(Beginning of MATERIAL FOR THIS EXERCISE)

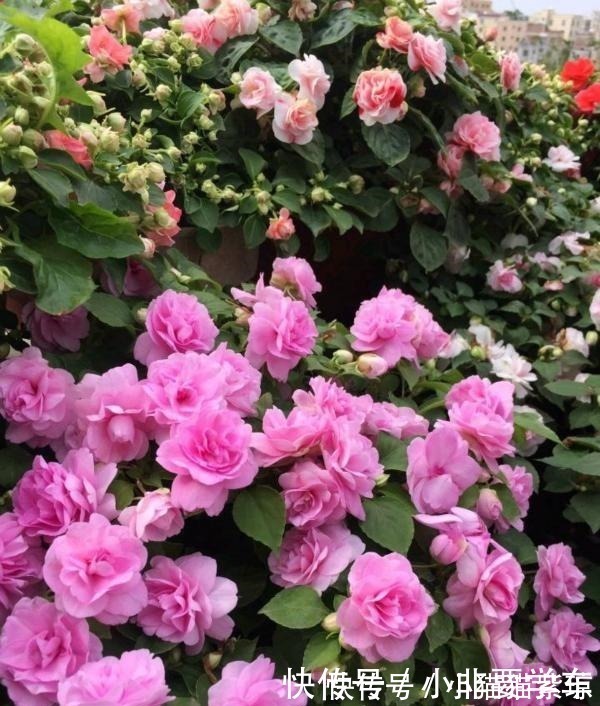 漂亮|四季开花的花,我建议你养这1种,开花多多,比玫瑰和茶花都漂亮!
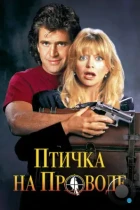 Птичка на проводе / Bird on a Wire (1990) WEB-DL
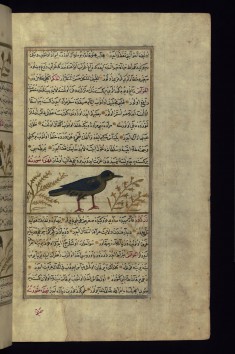 A Crow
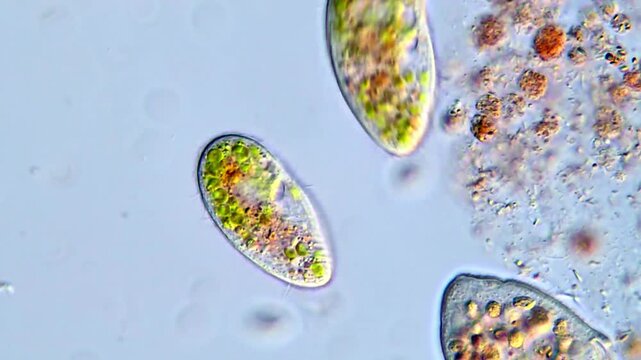 Movement of Green protozoa under microscope 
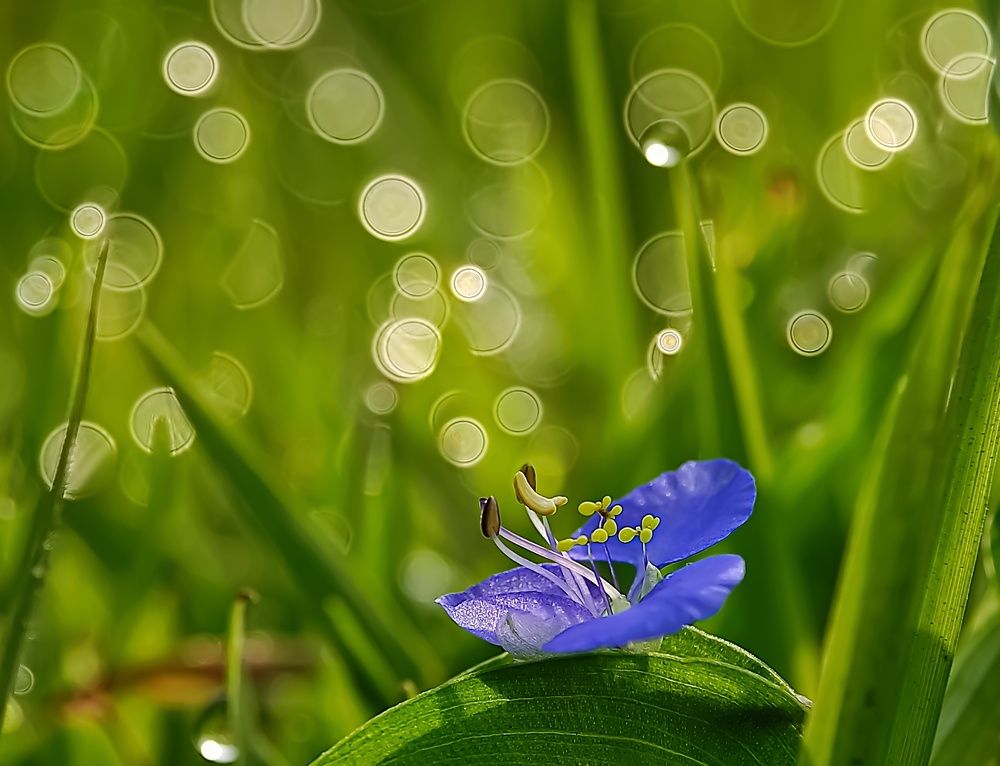 Фотография автора ISLAM SK RIYAJUL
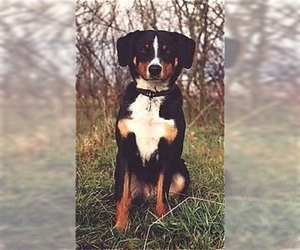 Image of Appenzeller Sennenhund breed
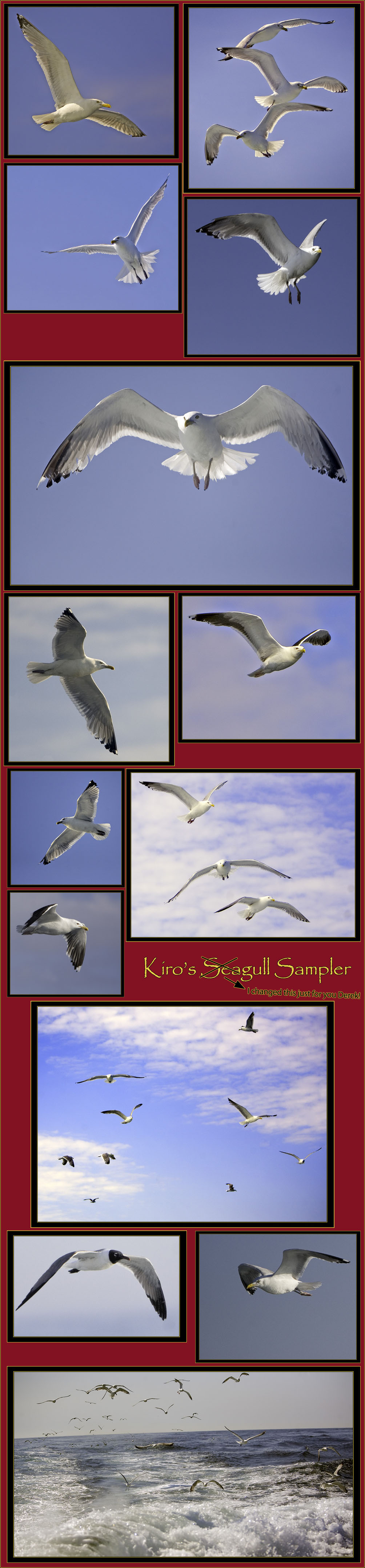 Kiro's Gull Sampler - Herring, Laughing & Black-backed Gulls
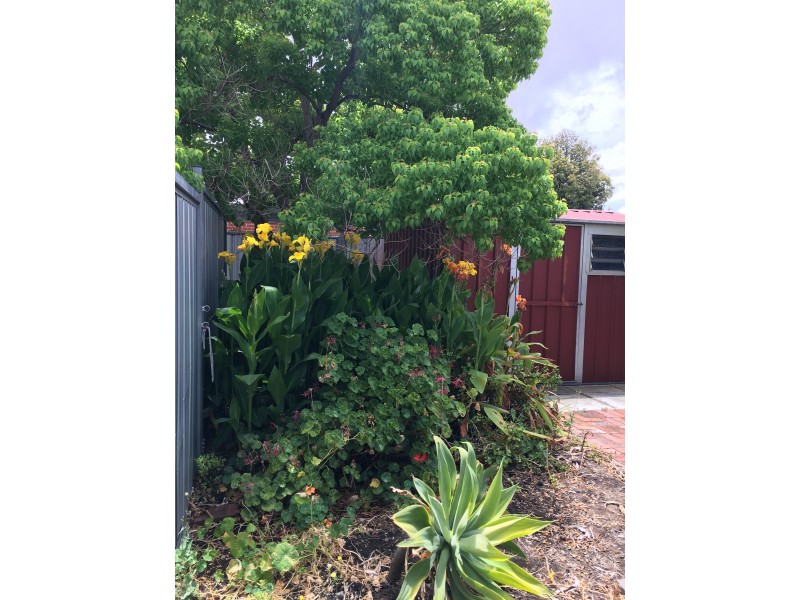 28 May Street, Bayswater WA 6053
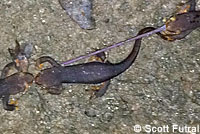 California Newt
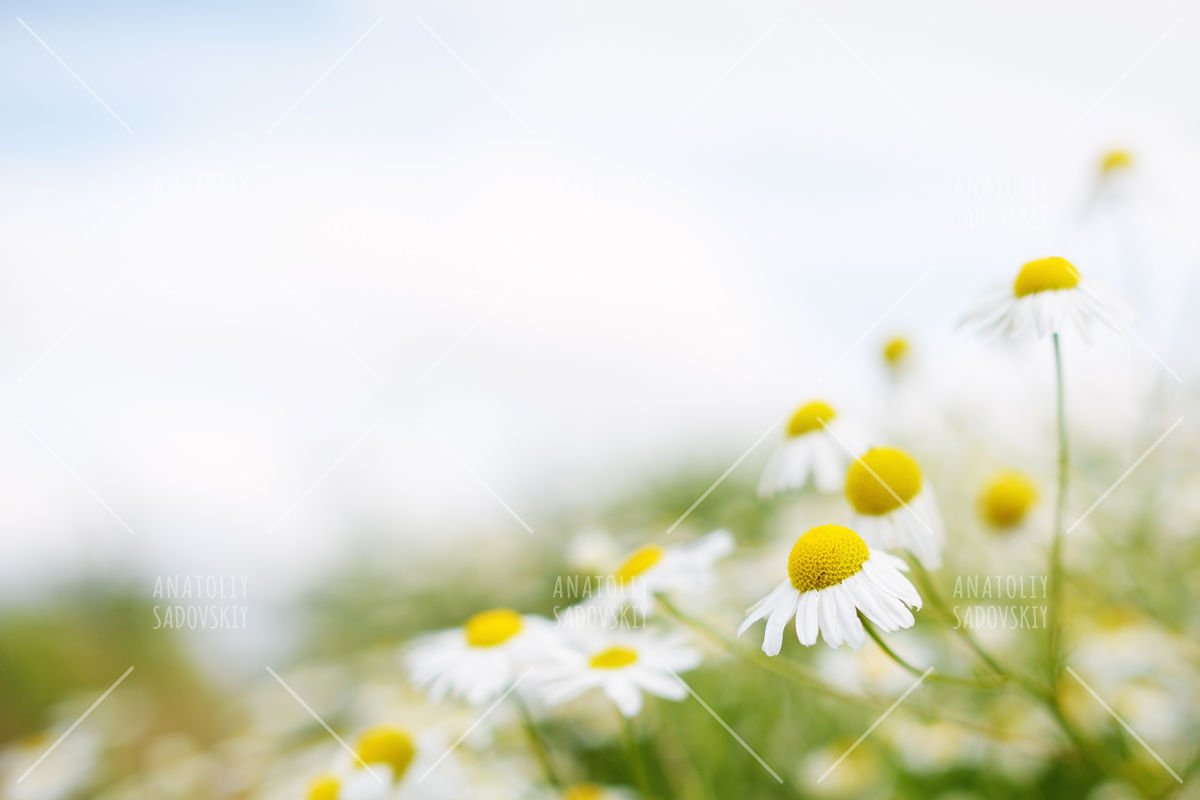 Chamomile flowers. Soft focus example image 1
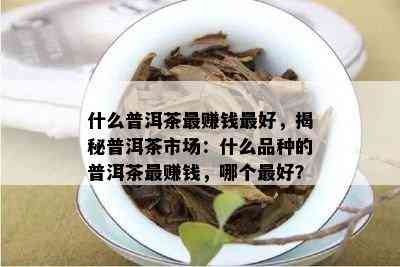 什么普洱茶更赚钱更好，揭秘普洱茶市场：什么品种的普洱茶更赚钱，哪个更好？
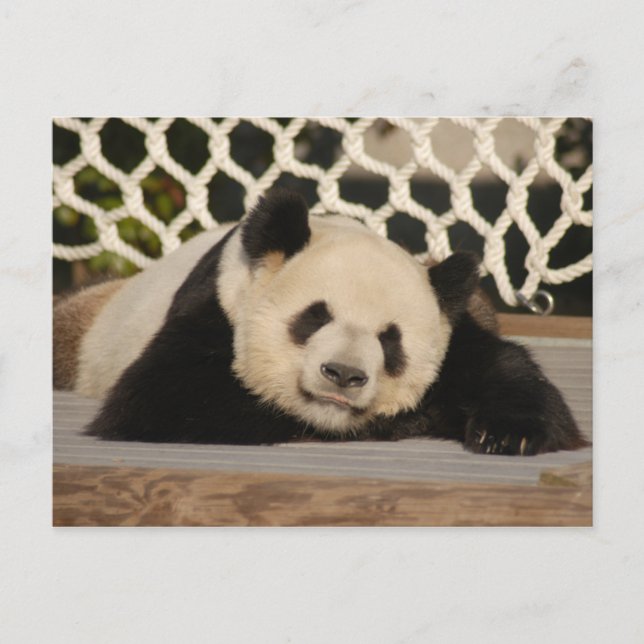 Giant Panda Postcard Vykort (Framsida)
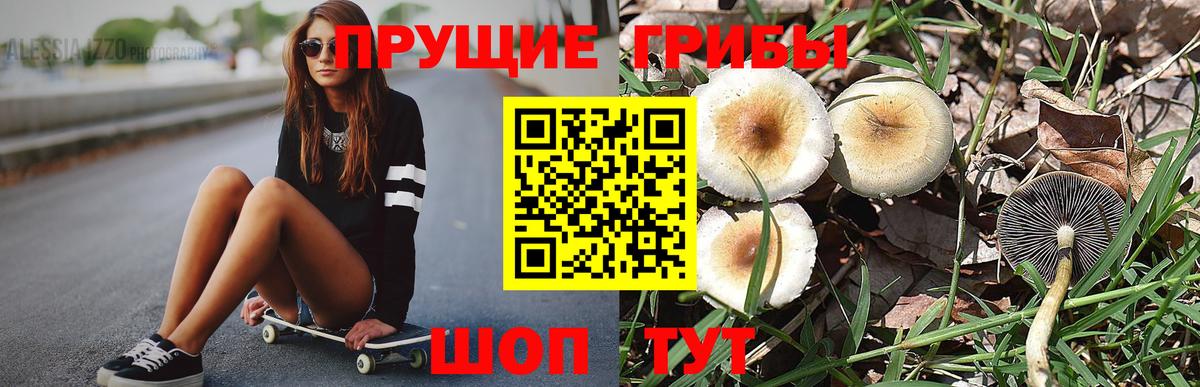 Псилоцибиновые грибы GOLDEN TEACHER Жуковский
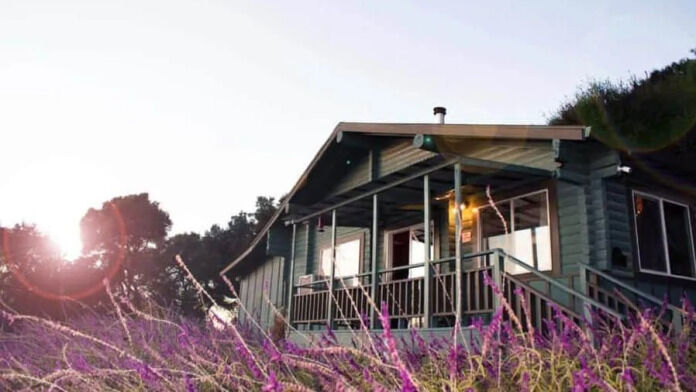 Elevate Addiction Services - Placerville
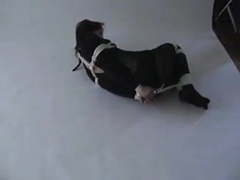 UhAnal presents: Hogtied in catsuit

(End of MATERIAL FOR THIS EXERCISE)

_WHAT YOU NEED TO DO:_ Your copy should run from the line that has "Elevate Addiction Services - Placerville" through the last line above, exactly, with both ends in and pictures out.

_TASK OUTPUT:_
 Elevate Addiction Services - Placerville
 UhAnal presents: Hogtied in catsuit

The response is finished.